Second, while our method maintains stable performance in scenarios involving 50 clients, deploying AIGU-DPFL in large-scale systems—comprising thousands or even millions of clients—may introduce additional challenges in terms of memory usage and communication overhead. In such settings, the communication overhead in federated learning generally scales approximately linearly with the number of participating clients, as each client transmits its local updates to the server in each communication round. As the client population grows, the aggregated communication cost increases proportionally. Future work will investigate hierarchical aggregation schemes, in which client updates are first aggregated at edge servers and then synchronized at the global level [53], as well as semi-asynchronous coordination that limits stale updates through bounded-delay scheduling [54], to improve scalability under large client populations. To further reduce communication overhead without performance degradation, model distillation-based methods can be adopted, which reduce the communication burden by exchanging compact knowledge representations instead of full gradient updates, thereby significantly decreasing the amount of transmitted information while preserving task-relevant knowledge [55]. From the perspective of model dimensionality, these challenges can be further amplified in high-dimensional models, where the size of gradient updates and communication cost grow with the number of parameters. AIGU-DPFL partially alleviates this issue by restricting updates to informative coordinates, thereby reducing the effective update dimensionality. Future work will investigate structured sparsification with parameter grouping [56] to bound per-round communication and computation costs in high-dimensional settings, following established sparsified training approaches.

Furthermore, despite the reduction in noise applied to non-critical gradients, the approach still requires a careful distribution of the privacy budget. Under stringent privacy constraints, achieving an optimal balance between sparsity induction and noise injection may require further fine-tuning. Future work may investigate adaptive strategies for privacy budget allocation, where the budget is dynamically assigned according to the relative importance of specific parameters or gradients throughout training. Such mechanisms have the potential to improve both privacy efficiency and model performance in sensitive application scenarios.

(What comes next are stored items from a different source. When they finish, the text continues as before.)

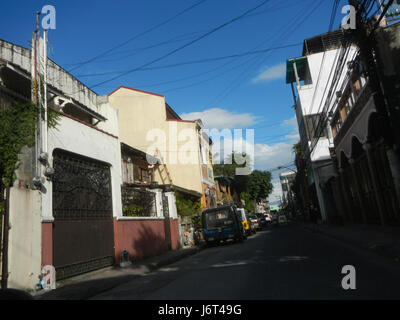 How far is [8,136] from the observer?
9453 millimetres

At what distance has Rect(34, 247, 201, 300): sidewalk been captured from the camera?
316 inches

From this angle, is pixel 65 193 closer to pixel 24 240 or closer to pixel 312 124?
pixel 24 240

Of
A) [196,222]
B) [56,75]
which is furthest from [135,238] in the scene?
[196,222]

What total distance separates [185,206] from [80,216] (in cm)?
1379

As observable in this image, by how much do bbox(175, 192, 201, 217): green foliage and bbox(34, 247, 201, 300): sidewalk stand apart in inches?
390

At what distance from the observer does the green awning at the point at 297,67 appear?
36.5 metres

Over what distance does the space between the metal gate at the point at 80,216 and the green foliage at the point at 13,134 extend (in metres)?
1.36

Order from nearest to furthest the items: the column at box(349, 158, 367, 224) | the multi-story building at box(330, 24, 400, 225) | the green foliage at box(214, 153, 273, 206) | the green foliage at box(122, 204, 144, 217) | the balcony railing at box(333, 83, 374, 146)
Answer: the multi-story building at box(330, 24, 400, 225) → the balcony railing at box(333, 83, 374, 146) → the green foliage at box(122, 204, 144, 217) → the column at box(349, 158, 367, 224) → the green foliage at box(214, 153, 273, 206)

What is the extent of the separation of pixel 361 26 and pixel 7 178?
1276 cm

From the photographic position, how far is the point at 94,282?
9.79 metres

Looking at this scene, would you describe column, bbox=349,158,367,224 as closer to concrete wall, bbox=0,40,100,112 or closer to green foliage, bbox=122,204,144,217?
green foliage, bbox=122,204,144,217

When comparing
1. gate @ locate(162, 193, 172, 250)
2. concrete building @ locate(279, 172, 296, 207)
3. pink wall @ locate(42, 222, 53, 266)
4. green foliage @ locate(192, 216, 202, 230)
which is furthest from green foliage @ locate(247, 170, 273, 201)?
pink wall @ locate(42, 222, 53, 266)

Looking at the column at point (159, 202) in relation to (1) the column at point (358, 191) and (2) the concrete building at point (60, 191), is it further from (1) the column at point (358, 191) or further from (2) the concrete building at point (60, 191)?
(1) the column at point (358, 191) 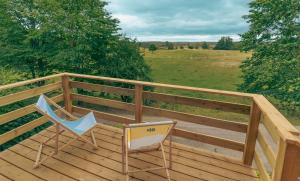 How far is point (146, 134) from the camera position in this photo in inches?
113

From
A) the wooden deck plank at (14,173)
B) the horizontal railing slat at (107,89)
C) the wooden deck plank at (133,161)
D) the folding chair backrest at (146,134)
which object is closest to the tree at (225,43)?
the horizontal railing slat at (107,89)

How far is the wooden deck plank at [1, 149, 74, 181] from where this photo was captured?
2988 millimetres

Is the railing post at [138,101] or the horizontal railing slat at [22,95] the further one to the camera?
the railing post at [138,101]

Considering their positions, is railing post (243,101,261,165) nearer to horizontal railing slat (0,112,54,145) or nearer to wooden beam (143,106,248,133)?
wooden beam (143,106,248,133)

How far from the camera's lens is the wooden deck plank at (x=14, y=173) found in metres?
2.95

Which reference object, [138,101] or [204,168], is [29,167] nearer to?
[138,101]

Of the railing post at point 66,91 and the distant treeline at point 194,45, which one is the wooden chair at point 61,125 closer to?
the railing post at point 66,91

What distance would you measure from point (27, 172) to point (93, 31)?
10.6m

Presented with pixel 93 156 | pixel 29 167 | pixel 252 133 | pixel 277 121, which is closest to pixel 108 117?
pixel 93 156

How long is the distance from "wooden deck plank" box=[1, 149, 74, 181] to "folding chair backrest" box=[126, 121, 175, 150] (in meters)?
0.96

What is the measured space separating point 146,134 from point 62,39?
39.9ft

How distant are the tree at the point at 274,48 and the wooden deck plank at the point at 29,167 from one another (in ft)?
38.6

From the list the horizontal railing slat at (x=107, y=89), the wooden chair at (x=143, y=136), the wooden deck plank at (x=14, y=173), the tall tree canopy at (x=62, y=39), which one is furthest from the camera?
the tall tree canopy at (x=62, y=39)

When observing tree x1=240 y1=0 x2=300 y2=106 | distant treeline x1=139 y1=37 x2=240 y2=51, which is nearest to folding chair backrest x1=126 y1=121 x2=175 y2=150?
tree x1=240 y1=0 x2=300 y2=106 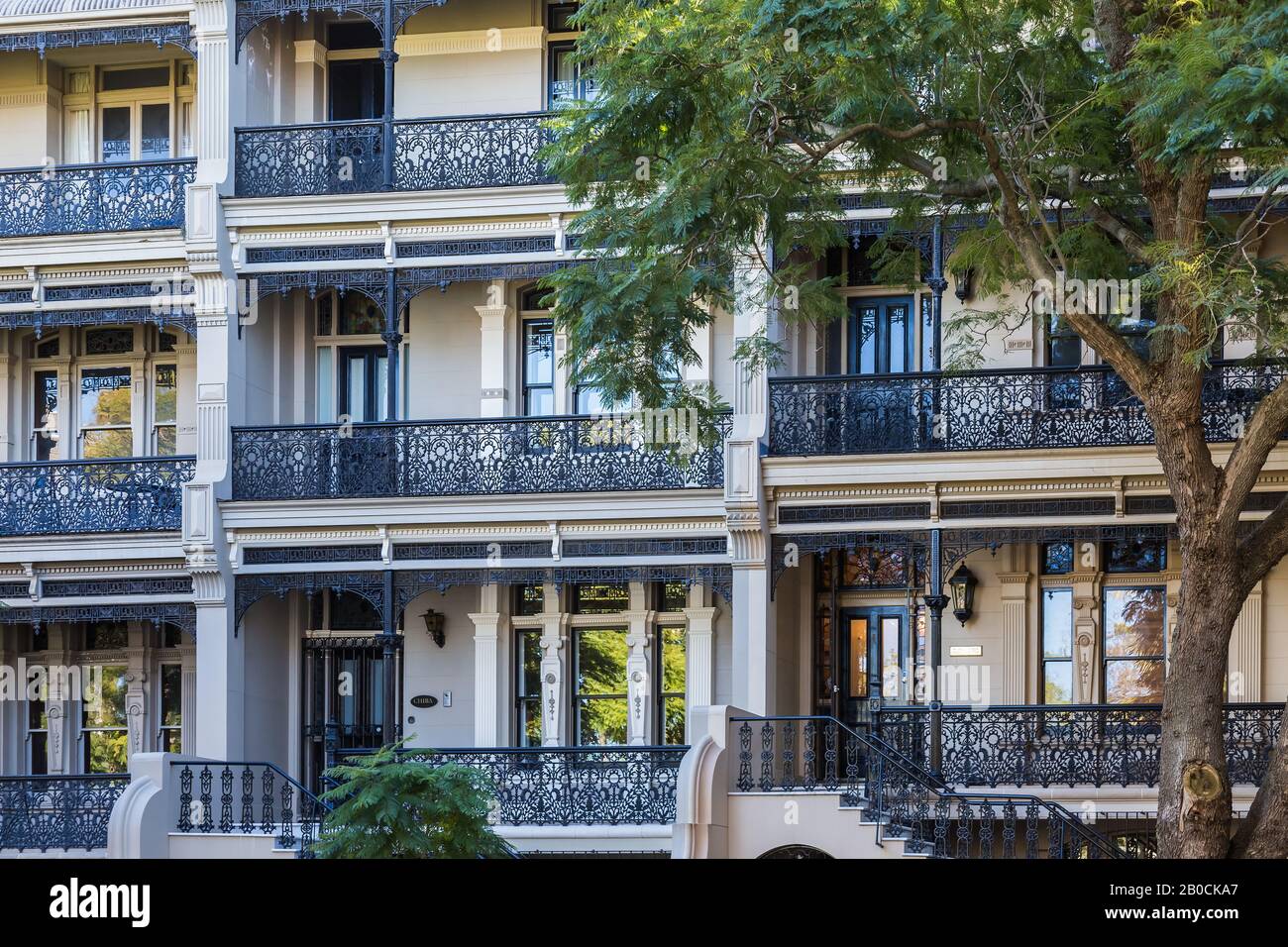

Despite the above limitations, the proposed AIGU-DPFL method offers significant practical advantages in real-world federated learning deployments where strict data privacy, high model utility, and communication efficiency are simultaneously demanded. For example, in healthcare systems, medical data are distributed across hospitals and cannot be shared due to privacy regulations. Our method enables collaborative model training while protecting sensitive patient information through differential privacy. At the same time, the importance-based gradient selection reduces communication overhead by transmitting only a subset of informative parameters, which is beneficial in bandwidth-limited environments. Similarly, in financial services, where user data are highly sensitive, the adaptive noise mechanism allows flexible control of the privacy–utility trade-off, ensuring strong privacy guarantees while maintaining model performance. In edge-based Internet of Things (IoT) applications, where devices often have limited computational and communication resources, the combination of sparse updates and adaptive noise helps reduce resource consumption and improve training efficiency under heterogeneous conditions.

7. Conclusions

This paper proposes an adaptive differentially private federated learning method, AIGU-DPFL, which effectively mitigates the performance degradation typically induced by differential privacy mechanisms in federated learning. Specifically, AIGU-DPFL enhances model utility by dynamically selecting the most informative gradient coordinates and adaptively adjusting the noise scale based on historical gradient norms. Extensive empirical results show that AIGU-DPFL surpasses existing approaches in both model accuracy and operational efficiency.